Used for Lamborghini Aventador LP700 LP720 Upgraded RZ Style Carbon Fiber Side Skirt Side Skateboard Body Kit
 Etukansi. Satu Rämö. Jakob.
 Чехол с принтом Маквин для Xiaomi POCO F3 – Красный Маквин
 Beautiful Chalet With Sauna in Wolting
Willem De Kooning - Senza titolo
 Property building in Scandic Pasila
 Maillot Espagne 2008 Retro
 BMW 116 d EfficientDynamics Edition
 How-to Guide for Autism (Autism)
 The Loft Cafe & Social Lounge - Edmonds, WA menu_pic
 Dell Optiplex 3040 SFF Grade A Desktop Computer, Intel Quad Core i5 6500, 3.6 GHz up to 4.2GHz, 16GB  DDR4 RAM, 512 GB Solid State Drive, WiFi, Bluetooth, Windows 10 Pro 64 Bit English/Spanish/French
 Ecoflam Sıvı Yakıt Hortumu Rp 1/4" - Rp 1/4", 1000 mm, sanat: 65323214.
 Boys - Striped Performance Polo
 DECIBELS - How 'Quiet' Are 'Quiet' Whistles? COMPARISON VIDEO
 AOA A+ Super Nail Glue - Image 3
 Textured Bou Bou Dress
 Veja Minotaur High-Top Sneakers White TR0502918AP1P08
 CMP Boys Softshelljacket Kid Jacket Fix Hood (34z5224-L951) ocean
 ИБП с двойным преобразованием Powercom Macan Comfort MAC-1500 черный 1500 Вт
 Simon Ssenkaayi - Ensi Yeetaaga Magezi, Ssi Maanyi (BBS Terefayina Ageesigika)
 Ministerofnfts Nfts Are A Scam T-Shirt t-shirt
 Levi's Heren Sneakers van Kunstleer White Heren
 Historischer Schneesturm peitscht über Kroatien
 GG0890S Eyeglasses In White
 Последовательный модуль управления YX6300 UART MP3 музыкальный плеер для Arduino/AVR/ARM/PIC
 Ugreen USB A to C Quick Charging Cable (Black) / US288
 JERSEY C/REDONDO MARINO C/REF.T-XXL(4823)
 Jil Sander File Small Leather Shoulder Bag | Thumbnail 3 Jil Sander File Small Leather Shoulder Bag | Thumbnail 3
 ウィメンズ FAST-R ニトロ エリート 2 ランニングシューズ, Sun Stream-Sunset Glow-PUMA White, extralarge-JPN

————————

● Exercise requirements: Your answer should be exactly the lines of the data above, from the first through the line containing "Veja Minotaur High-Top".

● Expected answer:
Used for Lamborghini Aventador LP700 LP720 Upgraded RZ Style Carbon Fiber Side Skirt Side Skateboard Body Kit
 Etukansi. Satu Rämö. Jakob.
 Чехол с принтом Маквин для Xiaomi POCO F3 – Красный Маквин
 Beautiful Chalet With Sauna in Wolting
Willem De Kooning - Senza titolo
 Property building in Scandic Pasila
 Maillot Espagne 2008 Retro
 BMW 116 d EfficientDynamics Edition
 How-to Guide for Autism (Autism)
 The Loft Cafe & Social Lounge - Edmonds, WA menu_pic
 Dell Optiplex 3040 SFF Grade A Desktop Computer, Intel Quad Core i5 6500, 3.6 GHz up to 4.2GHz, 16GB  DDR4 RAM, 512 GB Solid State Drive, WiFi, Bluetooth, Windows 10 Pro 64 Bit English/Spanish/French
 Ecoflam Sıvı Yakıt Hortumu Rp 1/4" - Rp 1/4", 1000 mm, sanat: 65323214.
 Boys - Striped Performance Polo
 DECIBELS - How 'Quiet' Are 'Quiet' Whistles? COMPARISON VIDEO
 AOA A+ Super Nail Glue - Image 3
 Textured Bou Bou Dress
 Veja Minotaur High-Top Sneakers White TR0502918AP1P08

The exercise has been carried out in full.